• _Directions_: Which lines run from the one containing "Sea And Sandy" through the end of the data? Write them out exactly, with the pictures left out.

____ Materials provided

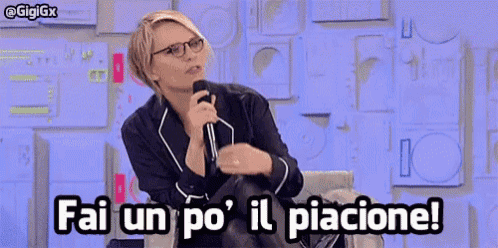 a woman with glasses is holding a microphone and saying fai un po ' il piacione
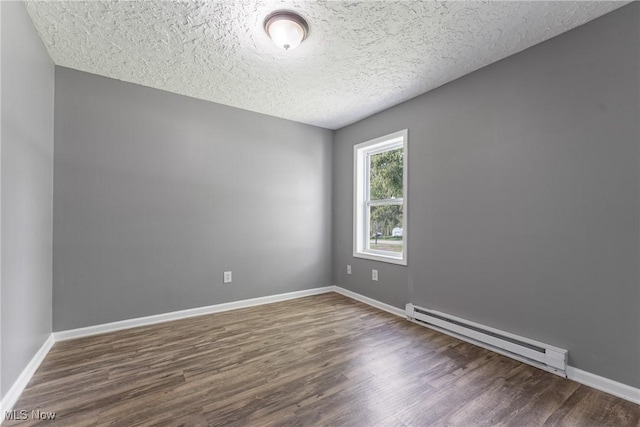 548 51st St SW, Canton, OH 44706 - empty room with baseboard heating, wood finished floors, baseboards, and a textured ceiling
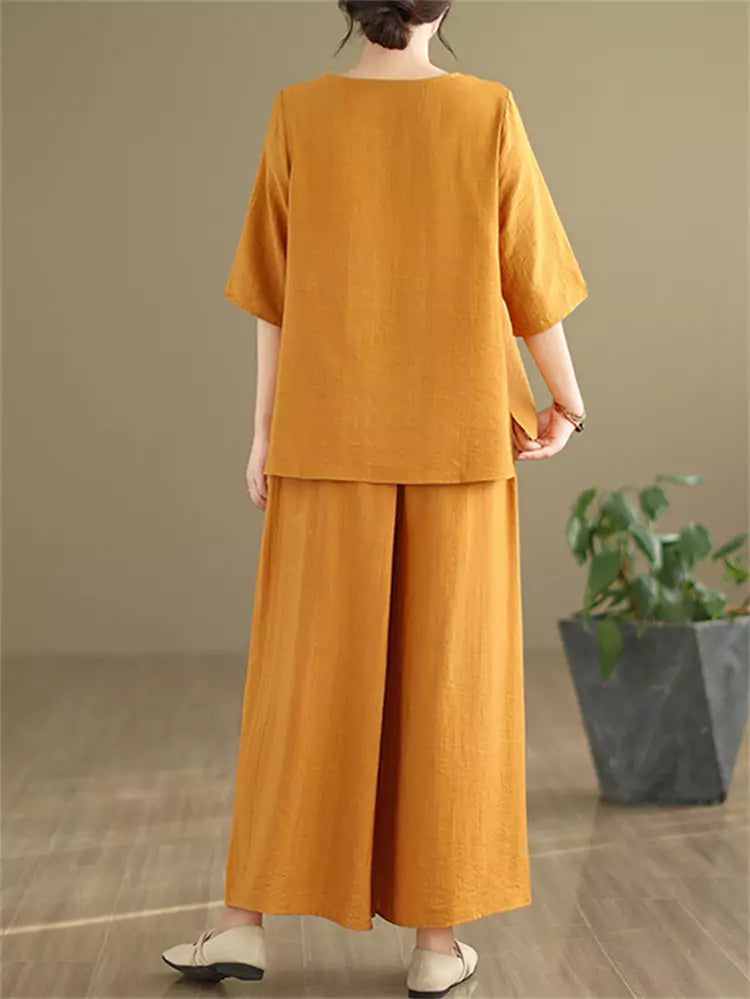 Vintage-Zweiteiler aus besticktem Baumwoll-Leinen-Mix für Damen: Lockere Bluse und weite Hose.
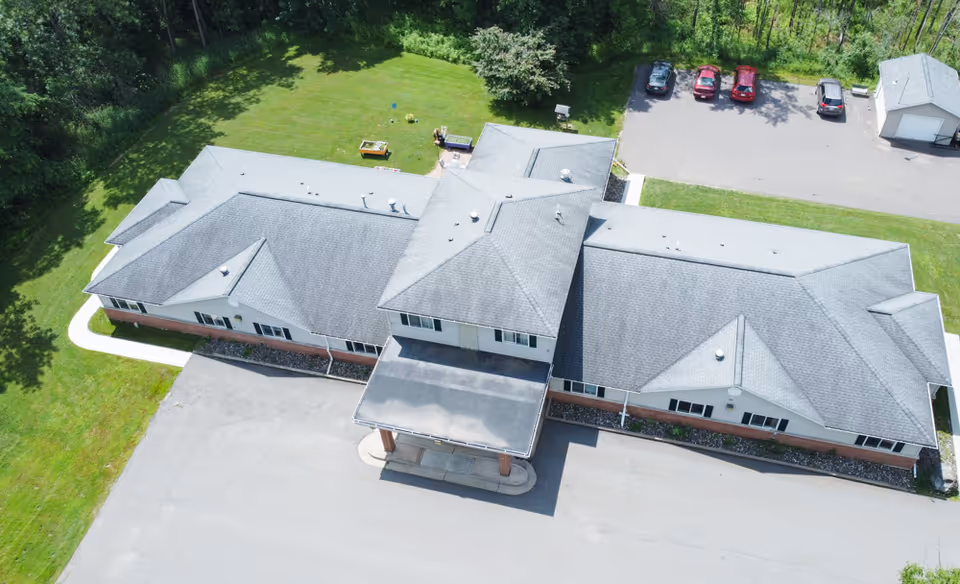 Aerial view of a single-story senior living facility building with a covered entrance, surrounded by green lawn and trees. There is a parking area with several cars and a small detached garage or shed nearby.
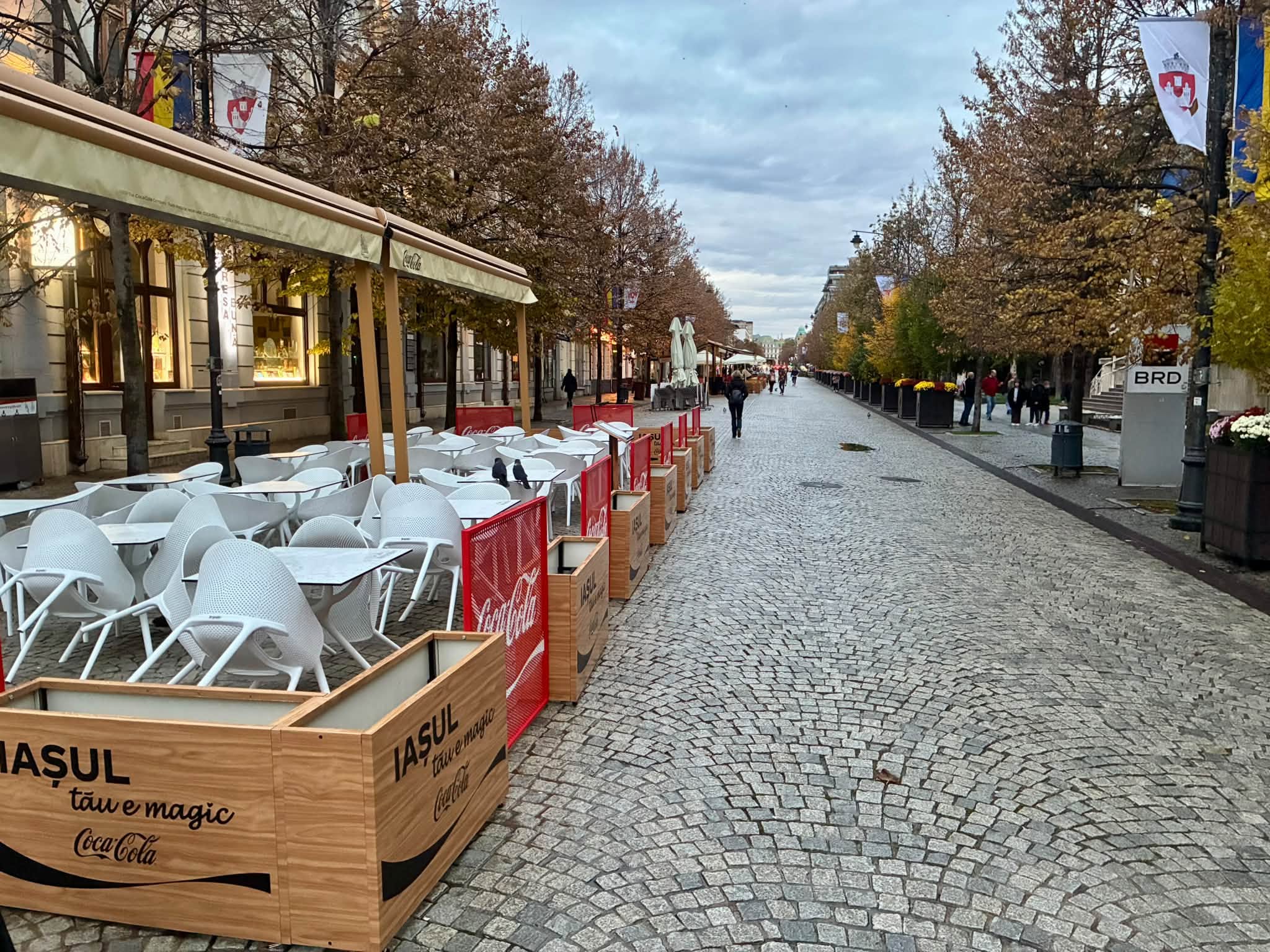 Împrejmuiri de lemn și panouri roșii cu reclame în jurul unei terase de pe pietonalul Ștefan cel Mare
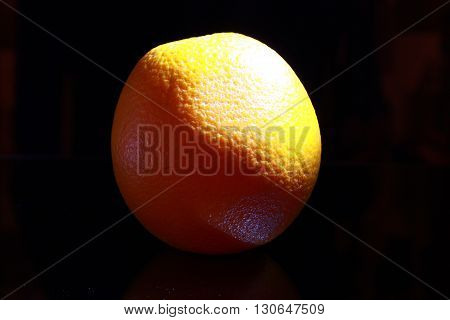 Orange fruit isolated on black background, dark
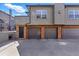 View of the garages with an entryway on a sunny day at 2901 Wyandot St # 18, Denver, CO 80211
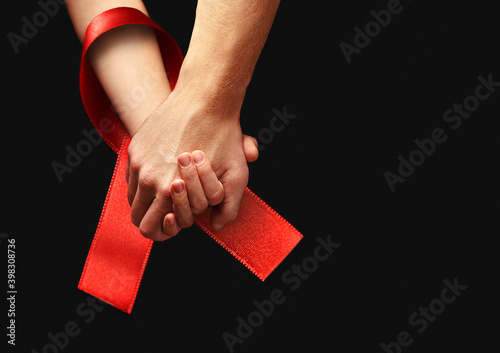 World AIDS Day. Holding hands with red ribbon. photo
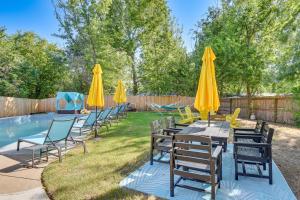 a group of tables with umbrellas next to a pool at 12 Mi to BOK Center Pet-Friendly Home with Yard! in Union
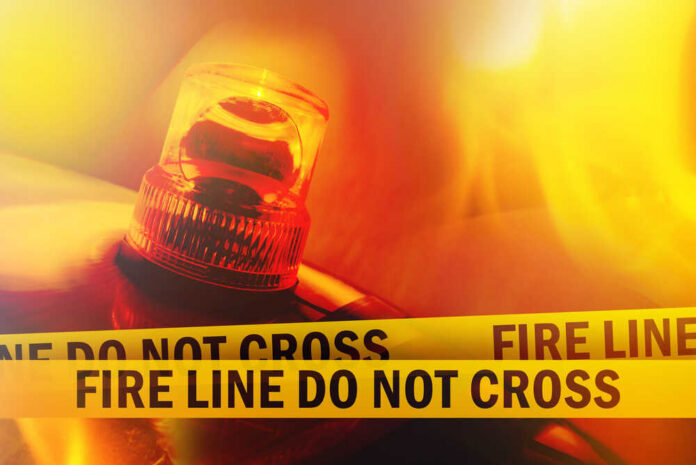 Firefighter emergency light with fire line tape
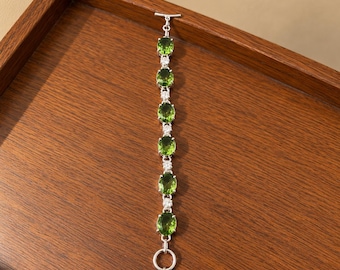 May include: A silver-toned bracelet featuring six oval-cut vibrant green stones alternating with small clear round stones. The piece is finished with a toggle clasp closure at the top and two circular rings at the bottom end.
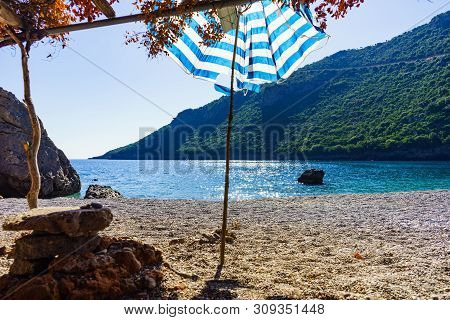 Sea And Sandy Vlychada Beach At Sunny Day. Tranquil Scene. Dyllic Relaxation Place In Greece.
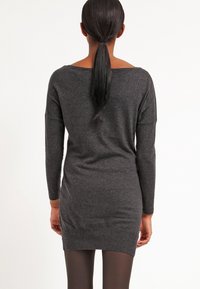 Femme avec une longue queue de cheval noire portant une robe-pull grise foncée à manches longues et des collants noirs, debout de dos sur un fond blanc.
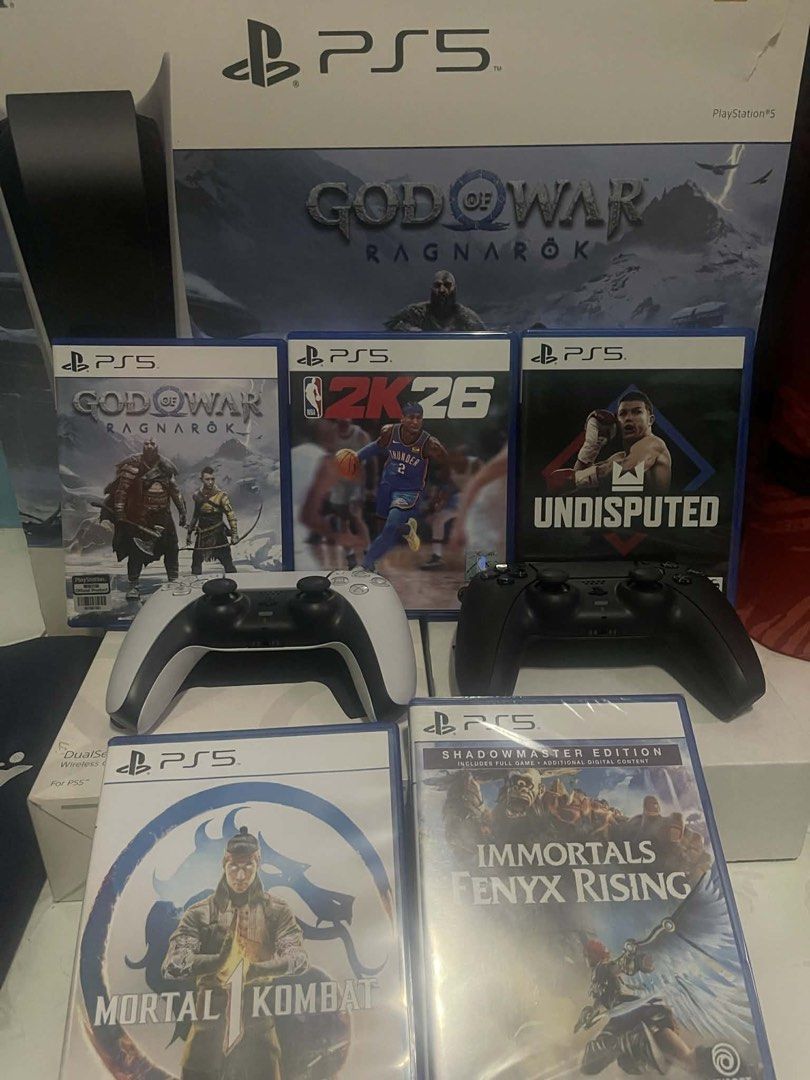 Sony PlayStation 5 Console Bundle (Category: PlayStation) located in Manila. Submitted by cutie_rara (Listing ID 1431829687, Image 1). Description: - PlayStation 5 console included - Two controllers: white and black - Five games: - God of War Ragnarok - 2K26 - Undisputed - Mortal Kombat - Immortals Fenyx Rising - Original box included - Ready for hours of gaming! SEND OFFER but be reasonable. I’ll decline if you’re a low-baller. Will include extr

________

• _Written response_:
 Sea And Sandy Vlychada Beach At Sunny Day. Tranquil Scene. Dyllic Relaxation Place In Greece.
 Femme avec une longue queue de cheval noire portant une robe-pull grise foncée à manches longues et des collants noirs, debout de dos sur un fond blanc.
 Sony PlayStation 5 Console Bundle (Category: PlayStation) located in Manila. Submitted by cutie_rara (Listing ID 1431829687, Image 1). Description: - PlayStation 5 console included - Two controllers: white and black - Five games: - God of War Ragnarok - 2K26 - Undisputed - Mortal Kombat - Immortals Fenyx Rising - Original box included - Ready for hours of gaming! SEND OFFER but be reasonable. I’ll decline if you’re a low-baller. Will include extr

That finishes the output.